This crisis of identity is reflected in the city’s ongoing crisis of identity. As such, this story spans a range of the most Houston locations, from the mysterious man showing up masturbating on the hill at Miller Outdoor Theater in the opening sequence, to the Irish sports bar Griff’s that Stevie works at, to the park outside of the Menil where Stevie meets Rebecca while tripping on mushrooms and watching the sunrise with Titus, to Fleming’s Steakhouse in Upper Kirby where Robert and Betty fall out of love with each other, to Canino’s Farmer’s Market on Airline that was actually sold to real estate developers last year after I made a joke of the possibility of it happening in the story when I penned the first draft some 3 to 4 years ago, to the oldest historical black neighborhood in the city Freedmen’s Town where Robert goes to buy his drugs, the story of two men’s white identities stuck in one man’s white body and the ultimate apocalypse of self it induces, also fractally aligns with Houston’s struggle to gain recognition and its abandonment of traditional culture for real estate developer profits.

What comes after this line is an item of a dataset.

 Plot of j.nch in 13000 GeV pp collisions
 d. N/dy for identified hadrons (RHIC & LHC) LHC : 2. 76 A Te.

Of course, I don’t mean to go too hard on Houston here. As mentioned before, the city is my hometown, and it is also a place I love. But as the book discusses whiteness and the ways it ravages white people by stripping them of cultural practices far more meaningful than the raw culture of power accumulation that whiteness becomes once it has voided itself of more traditional cultural markers like ethnicity, food, dance, music, painting, and so forth, it is worth understanding how a new Houston, which is inclusive in more ways than just tolerating segregated immigrant populations, still struggles to be born from the white supremacist past all cities in this nation have suffered through because of the historical consequences of colonialism and capitalism.
Therefore, the story of Houston is like the stories of whiteness the book unpacks, stuck in a feedback loop, struggling to find and retain the individuals who live within its structures’ beauty, even in the midst of all of its and their noticeable ugliness too. Which reminds me why I love Houston so much, and why I love stories about humans so much, because cities are manifestations of people’s hopes and dreams, and they are every bit as imperfect as we are, trying to figure out what justice means and what revolutions they will have to both struggle for and suffer through to find that justice in an apocalyptic spirit (here, I mean the traditional idea of an apocalypse as an uncovering more so than the popularized American idea of apocalypse as doomsday) that must always sweep away the old to make room for the new.